■ **TASK BRIEF**
Print exactly the lines that run from the opening line of the material through the line with "Wholesale Random 30pcs", and nothing else, leaving out pictures.

_ _ _ _ _ _ _

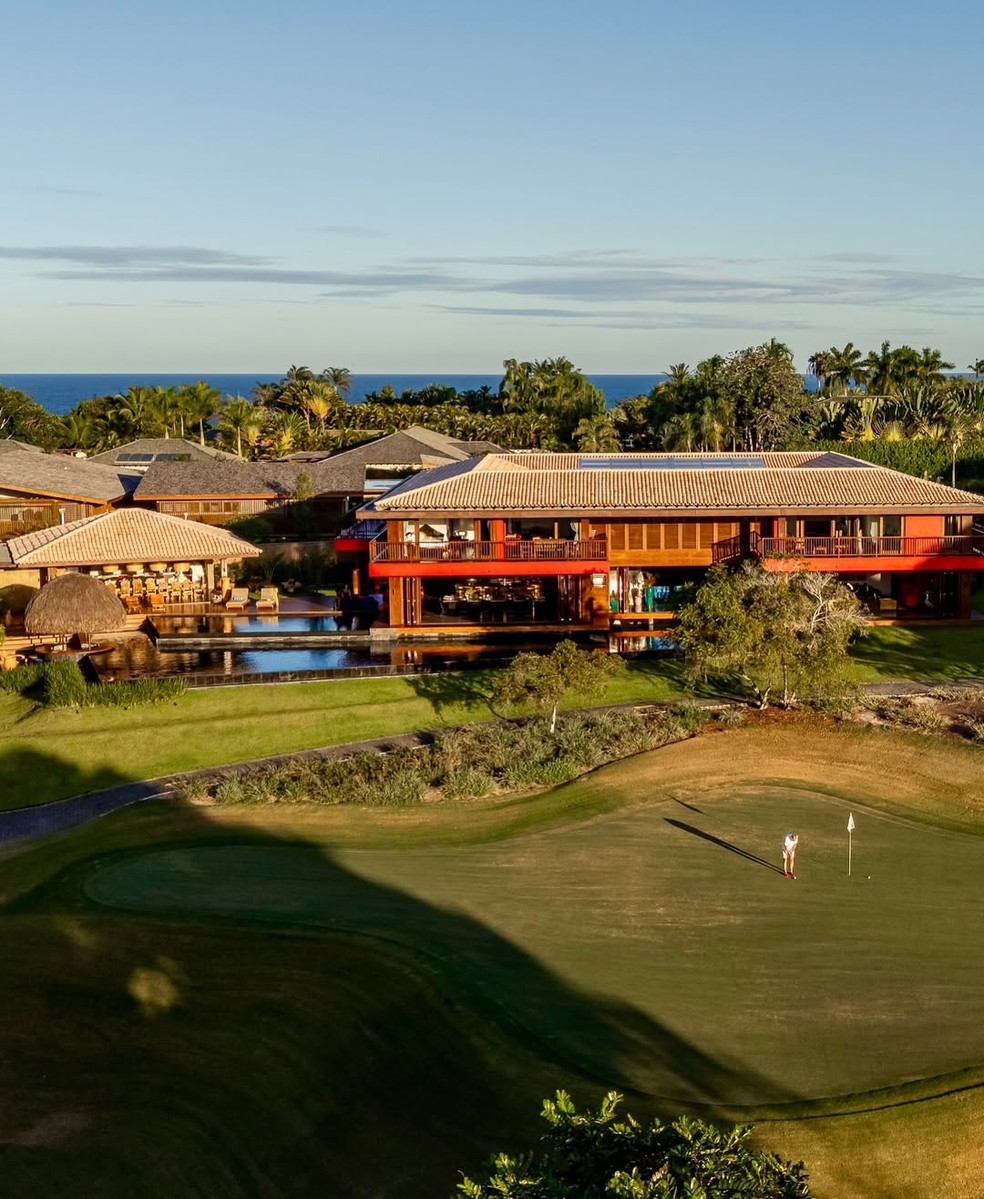 Ivete Sangalo aluga casa de luxo para férias com a família em Trancoso, na Bahia — Foto: Reprodução/Instagram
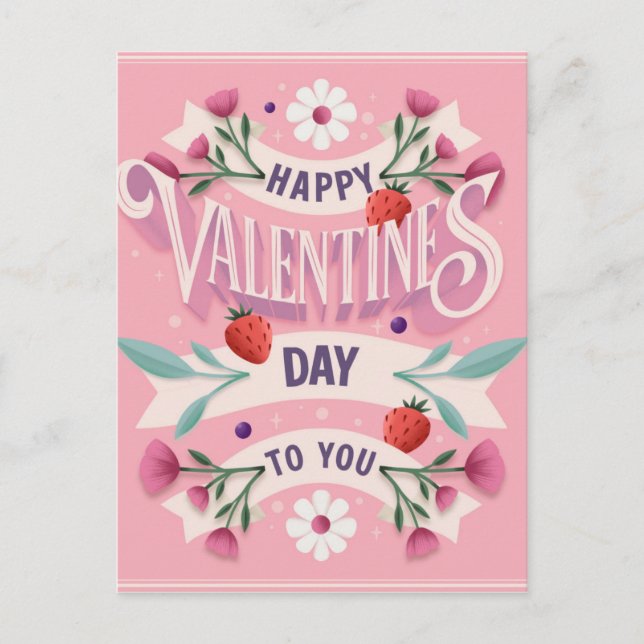 Carte Postale Joyeuse Saint Valentin à Vous (Devant)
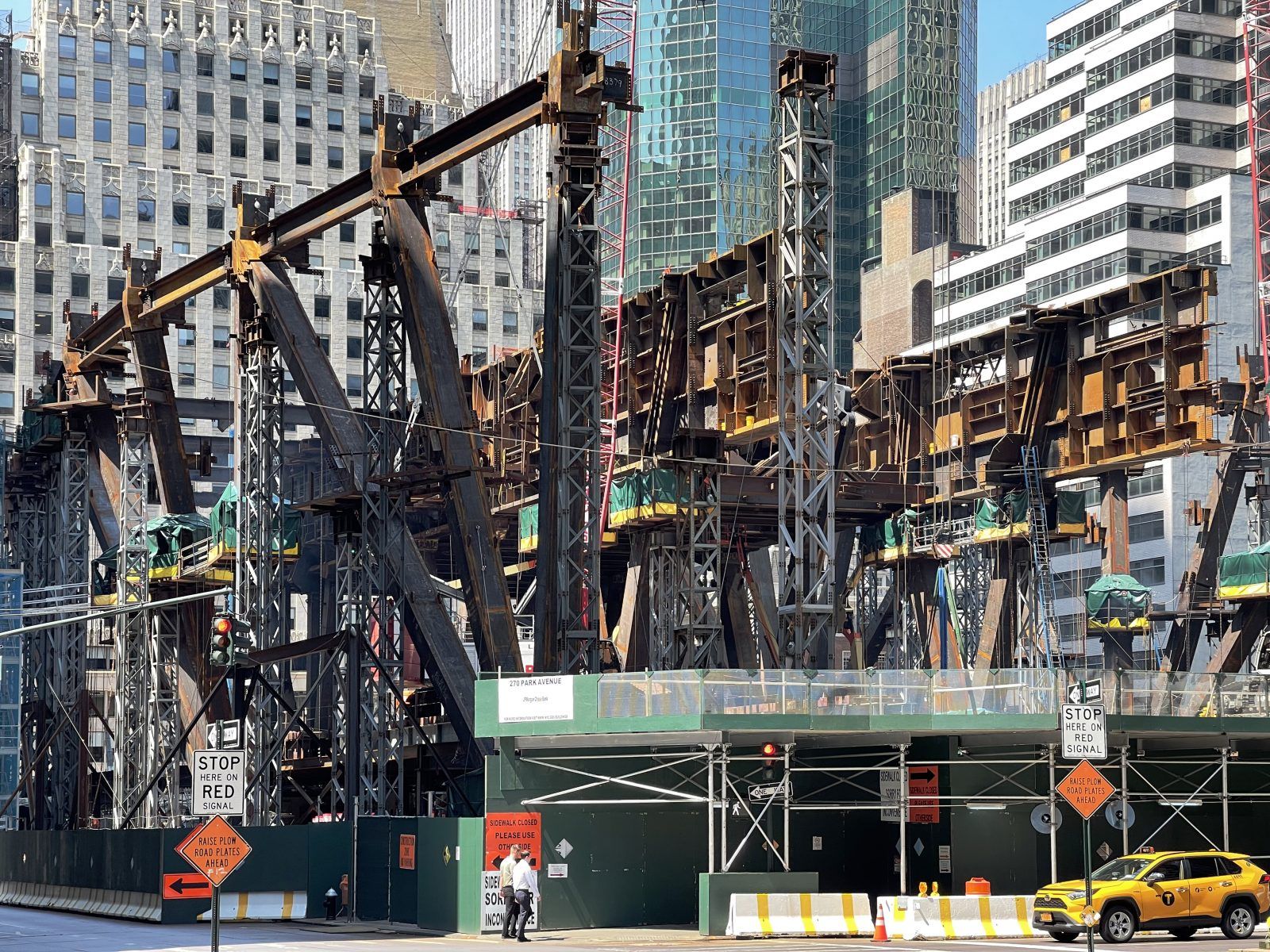 270 Park Avenue’s Massive Steel Base Takes Shape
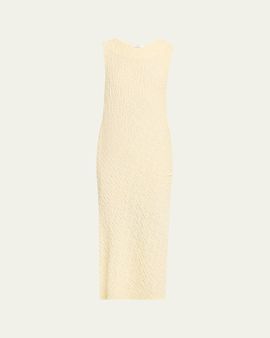 Vince Textured Sleeveless Midi Dress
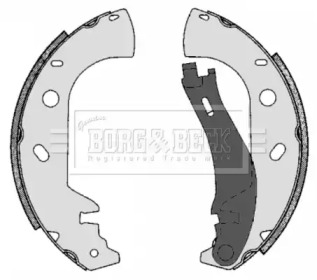 Комлект тормозных накладок BORG & BECK BBS6301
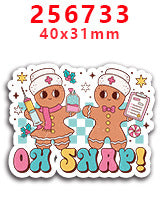 Wholesale Random 30pcs Pink Christmas Nurses' Day Acrylic Flatback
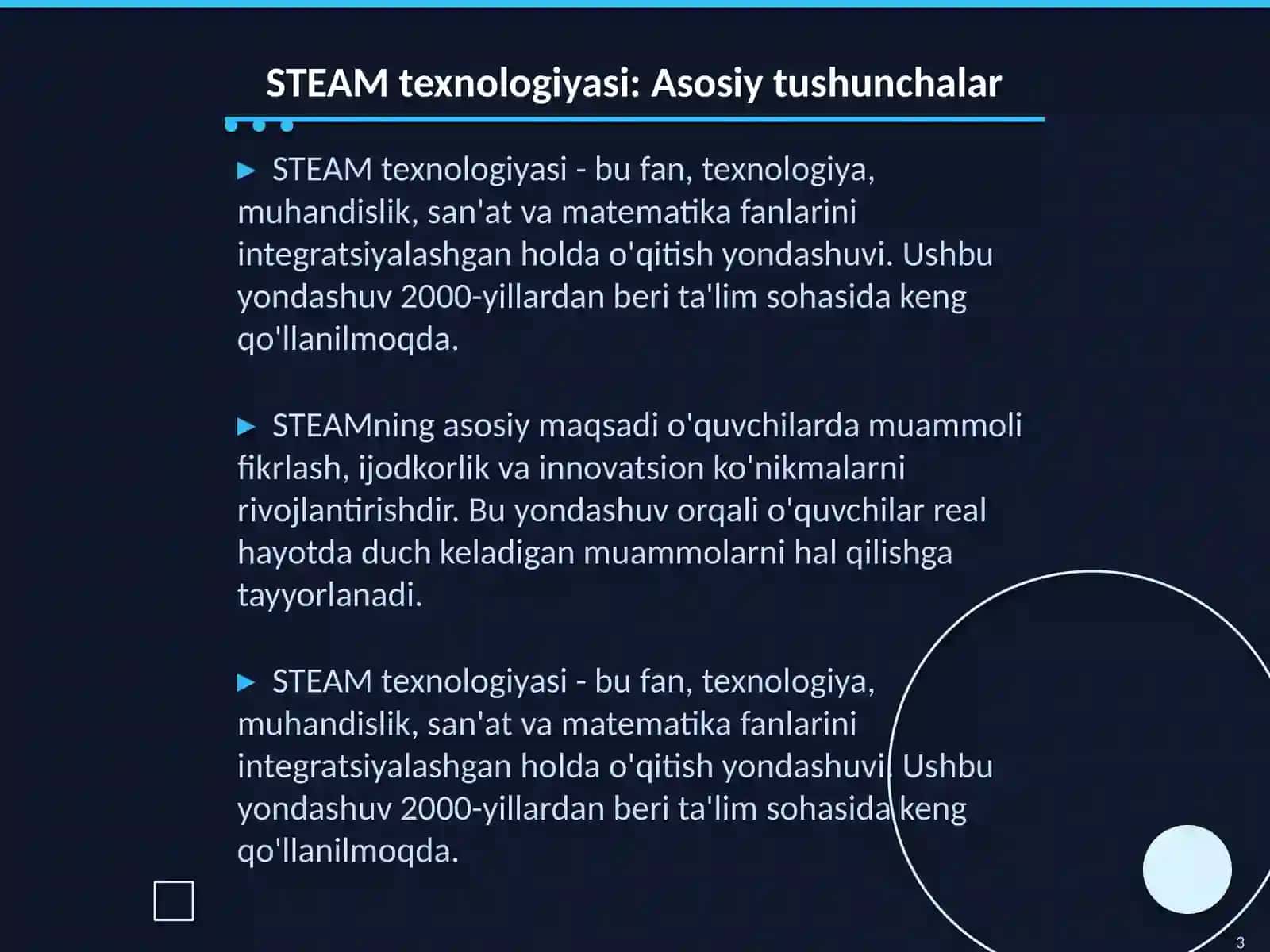 STEAM texnologiyasidan foydalanishning afzalliklari 3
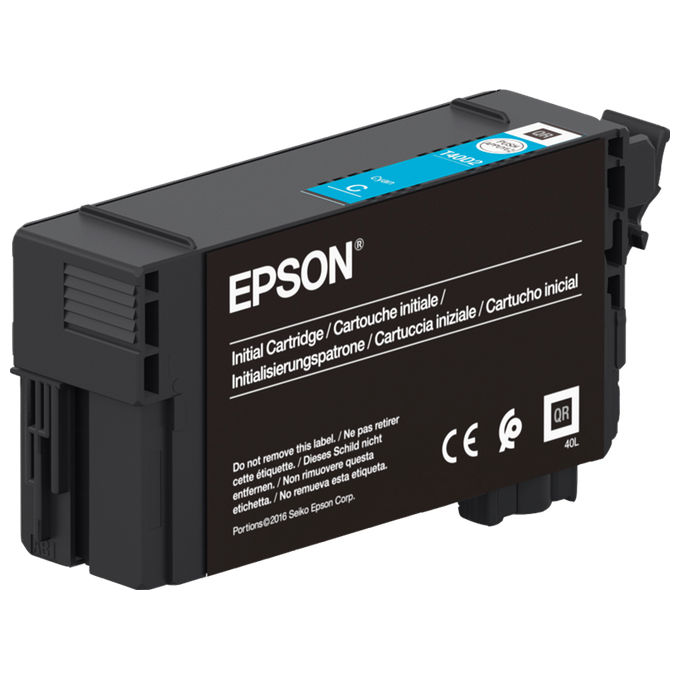 Epson C13T40C240 Singlepack UltraChrome XD2 Cartuccia d'inchiostro 26 ml colore Ciano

_ _ _ _ _ _ _

■ **SOLUTION TO THIS EXERCISE**
 Ivete Sangalo aluga casa de luxo para férias com a família em Trancoso, na Bahia — Foto: Reprodução/Instagram
 Carte Postale Joyeuse Saint Valentin à Vous (Devant)
 270 Park Avenue’s Massive Steel Base Takes Shape
 Vince Textured Sleeveless Midi Dress
 Комлект тормозных накладок BORG & BECK BBS6301
 Wholesale Random 30pcs Pink Christmas Nurses' Day Acrylic Flatback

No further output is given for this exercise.